Mesmo com um prazo maior neste ano, seis em cada dez diretórios de partidos políticos do País não informaram como usaram o dinheiro público que receberam em 2019. O limite para entregar as prestações de contas, inicialmente previsto para abril, acabou na terça-feira passada, dia 30 de junho. Dados do Tribunal Superior Eleitoral (TSE) mostram que das mais de 100 mil unidades das legendas nos Estados e nos municípios, 59.634 estão inadimplentes – não enviaram qualquer dado ou fizeram apenas parcialmente.

Ao todo, o TSE distribuiu R$ 927 milhões às 33 siglas no ano passado via Fundo Partidário.

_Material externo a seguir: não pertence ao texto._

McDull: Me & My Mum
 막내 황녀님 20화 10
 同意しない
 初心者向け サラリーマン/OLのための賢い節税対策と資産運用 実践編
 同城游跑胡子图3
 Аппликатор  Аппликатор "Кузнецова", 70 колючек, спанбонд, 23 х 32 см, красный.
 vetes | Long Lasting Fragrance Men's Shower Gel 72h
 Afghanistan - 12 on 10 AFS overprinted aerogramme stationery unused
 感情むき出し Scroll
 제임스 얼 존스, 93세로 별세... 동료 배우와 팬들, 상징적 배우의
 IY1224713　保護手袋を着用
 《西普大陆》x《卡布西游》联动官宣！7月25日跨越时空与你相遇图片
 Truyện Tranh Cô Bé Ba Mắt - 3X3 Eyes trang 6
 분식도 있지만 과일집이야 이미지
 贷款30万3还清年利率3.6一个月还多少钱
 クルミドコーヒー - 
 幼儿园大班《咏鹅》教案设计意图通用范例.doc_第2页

O dinheiro é repassado em parcelas mensais para bancar custos como aluguel de sede, salário de funcionários e também as campanhas eleitorais – cabe ao comando nacional de cada uma definir a quantia que destinará aos seus diretórios.

O porcentual de inadimplência registrada neste ano é maior que o de anos anteriores. Como mostrou o Estadão no mês passado, 41,3% dos diretórios partidários não apresentaram os dados relativos a 2017. De 2018, o índice dos que deixaram de prestar contas foi de 50,7%.

Cúpulas partidárias alegam que orientam os responsáveis pelos diretórios locais a cumprir os prazos da Justiça Eleitoral, mas ressaltam que cada unidade tem independência. Além disso, destacam que a maior parte das unidades que não entregam as prestações é sem movimentação financeira – mesmo assim, precisam informar a Justiça Eleitoral que não receberam nada.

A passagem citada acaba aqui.